Evaluation of Microvascular Density as a Predictive Indicator for Malignant Transformation of Oral Epithelial Dysplasia (OED)
A wealth of translational and clinical research supports the key role of angiogenesis during malignant transformation. Past human studies involving pre-neoplastic lesions of breast and cervical tissue have revealed a positive correlation between angiogenesis and the progression, prognosis and metastasis of ductal carcinoma in situ and cervical intraepithelial neoplasia. In addition to studies involving human breast and cervical tissue, numerous studies have been carried out to examine the association of between angiogenesis and progression of OED. Siar et al., utilizing IHC staining with CD31 and CD34 antigens, demonstrated higher MVD scores in OED and bronchial tissue as compared to benign tissue, and an increasing MVD score as the histologic grade of the lesion increased (1). These data present compelling evidence regarding MVD’s importance in carcinogenesis. To our knowledge, however, no one has conducted a longitudinal assessment to determine whether or not increased microvascular density positively correlates with malignant transformation.
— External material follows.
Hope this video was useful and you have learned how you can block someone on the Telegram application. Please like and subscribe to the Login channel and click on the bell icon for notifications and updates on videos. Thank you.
The objective of this study is to determine whether MVD (as determined by CD31 expression) in oral premalignant lesions is associated with high-risk epithelial dysplasia, and whether increases in MVD can serve as a molecular biomarker for identifying a subgroup of patients that are at increased risk of malignant transformation of their premalignant lesions.
This case-controlled retrospective study identified a cohort of age and lesional-site matched patients whose lesions either remained premalignant over >4 years or transformed to OSCC over the same time period (n=5 for both OSCC and control, 29 and 32 biopsies analyzed, respectively).
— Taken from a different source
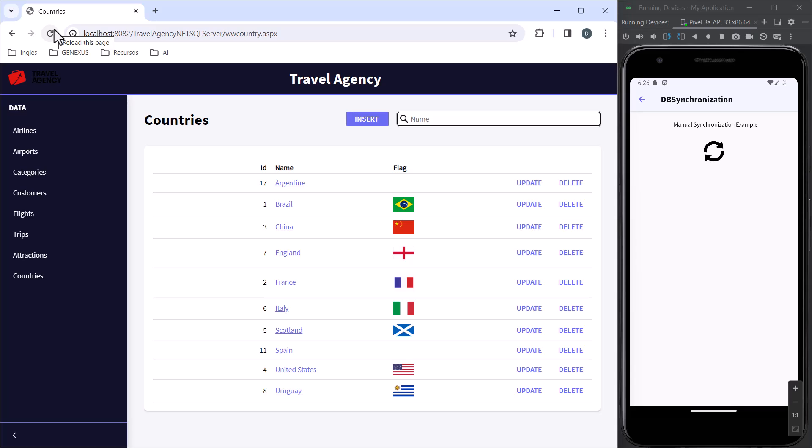In this small demo, we saw how to configure some properties of the offline database object. Also, we saw how to use the synchronization API to run send and receive operations at the user's request.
Platelet endothelial cell adhesion molecule (PECAM-1/CD31), which is a member of the immunoglobin super family of cell adhesion molecules, is a primary constituent of endothelial cell-cell junctions in confluent vascular beds (2). In addition, CD31 has been identified as one the most specific immunohistochemical markers to detect endothelial cells lining vascular channels.
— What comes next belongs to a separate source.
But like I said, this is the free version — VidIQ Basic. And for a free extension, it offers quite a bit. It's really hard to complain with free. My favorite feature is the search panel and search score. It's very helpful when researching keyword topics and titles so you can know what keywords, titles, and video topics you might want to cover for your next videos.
Immunohistochemical staining for CD31 was performed on deparaffinized 4mm thick sections from each biopsy tissue block. CD31 (PECAM-1) mouse monoclonal antibody was utilized to detect endogenous levels of total CD31 protein with incorporation of appropriate positive and negative control tissues. Microvascular density analyses are near completion. Slides were converted to digital slide images using the ScanScope XT by Aperio (Vista, California). Scan output is in the form of svs files, which are then viewed, annotated and stored via Aperio’s Imagescope viewer software. Tissue Studio 3.5 software (Definiens, Munich, Germany) is used for image analyses. This system uses a context-based, relational analysis of the component pixels in digital slide images. This state-of-the-art imaging system provides a wealth of experimental data in a rapid and consistent fashion and eliminates concerns that arise via traditional reviewer-based methods of slide images. Preliminary data analyses are ongoing (intrapatient comparisons- Repeated Measures ANOVA, followed by the Bonferoni multiple comparisons test, interpatient comparisons-ANOVA with a Tukey’s post hoc test, potential for MVD-OED association with progression-Pearson’s product moment correlation coefficient) and will be completed by June 2013.
1. Siar CH et al. Angiogenic squamous dysplasia-like phenomenon in oral epithelial precursor lesions. Eur J Med Res 2009.
2. Albelda S et al. Molecular and cellular properties of PECAM-1 (endoCAM/CD31): A novel vascular cell-cell adhesion Molecule. The Journal of Cell Biology, Volume 114, Number 5, September 1991.